Running MAC and z-shell and in my .zshrc-file I had to add:
export OBJC_DISABLE_INITIALIZE_FORK_SAFETY=YES
and then in the command line:
source ~/.zshrc
Then it worked
the other answers are telling you to set OBJC_DISABLE_INITIALIZE_FORK_SAFETY=YES, but don't do this! you're just putting sticky tape on the warning light. You may need this on a case by case basis for some legacy software but certainly do not set this in your .bash_profile!
this is fixed in https://bugs.python.org/issue33725 (python3.8+) but it's best practice to use
with multiprocessing.get_context("spawn").Pool() as pool:
pool.map(annotate,img_urls)
The solution that works for me without OBJC_DISABLE_INITIALIZE_FORK_SAFETY flag in the environment involves initializing the multiprocessing.Pool class right after the main() program starts.
This is most likely not the fastest solution possible and I am not sure if it works in all situations, however, pre-heating the worker processes early enough before my programs starts does not result in any ... may have been in progress in another thread when fork() was called errors and I do get a significant performance boost compared to what I get with non-parallelized code.
I have created a convenience class Parallelizer which I am starting very early and then using throughout the lifecycle of my program.
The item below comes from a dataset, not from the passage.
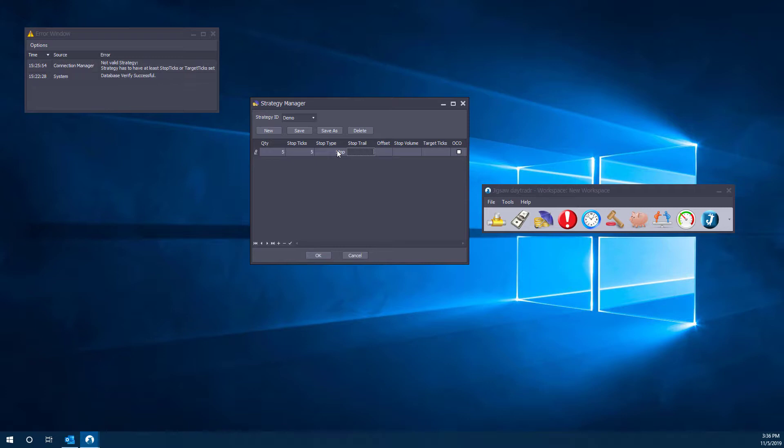If we want, we can add trailing orders here, so as the market moves up, our stop order will trail and follow so many ticks away. You could put it five ticks away as well if you wanted to. We're going to keep it simple for now, so we're not going to do anything too crazy.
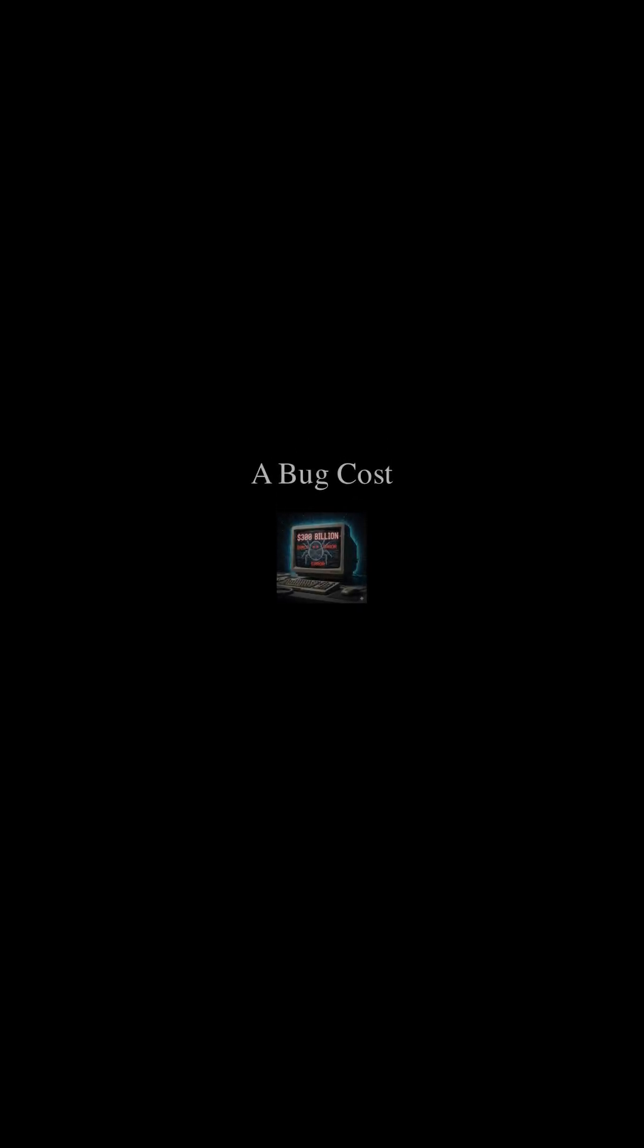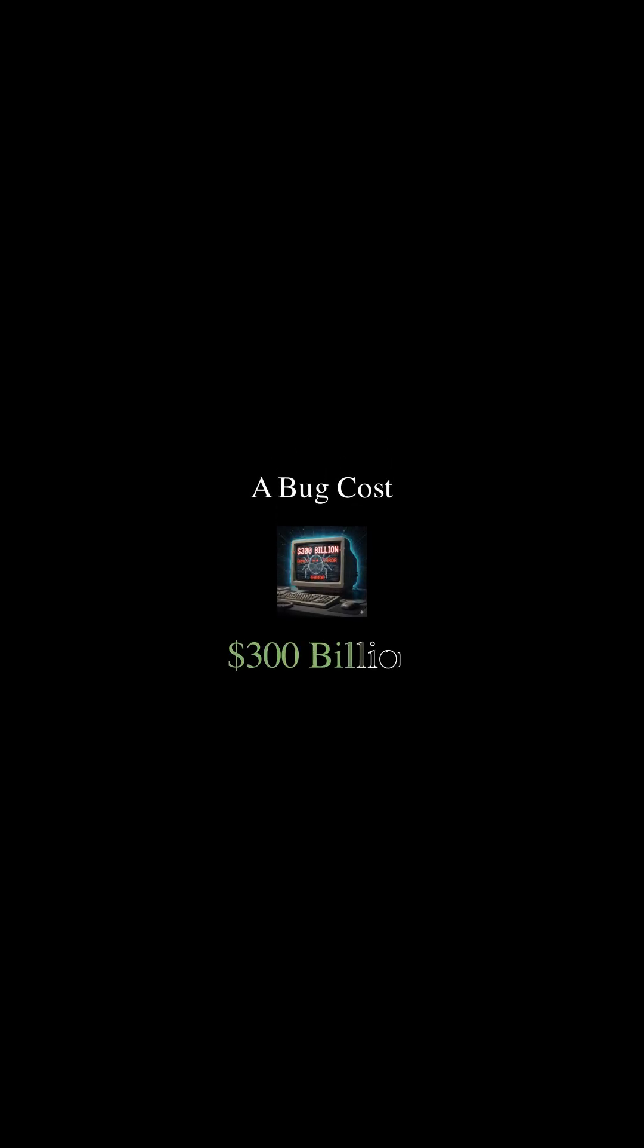In the 90s, a tiny bug almost crashed the world economy, costing $300 billion.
The full version can be found here.
# entry point to my program
def main():
parallelizer = Parallelizer()
...
Then whenever you want to have parallelization:
# this function is parallelized. it is run by each child process.
def processing_function(input):
...
return output
...
inputs = [...]
results = parallelizer.map(
inputs,
processing_function
)
And the parallelizer class:
class Parallelizer:
def __init__(self):
self.input_queue = multiprocessing.Queue()
self.output_queue = multiprocessing.Queue()
self.pool = multiprocessing.Pool(multiprocessing.cpu_count(),
Parallelizer._run,
(self.input_queue, self.output_queue,))
def map(self, contents, processing_func):
size = 0
for content in contents:
self.input_queue.put((content, processing_func))
size += 1
results = []
while size > 0:
result = self.output_queue.get(block=True)
results.append(result)
size -= 1
return results
@staticmethod
def _run(input_queue, output_queue):
while True:
content, processing_func = input_queue.get(block=True)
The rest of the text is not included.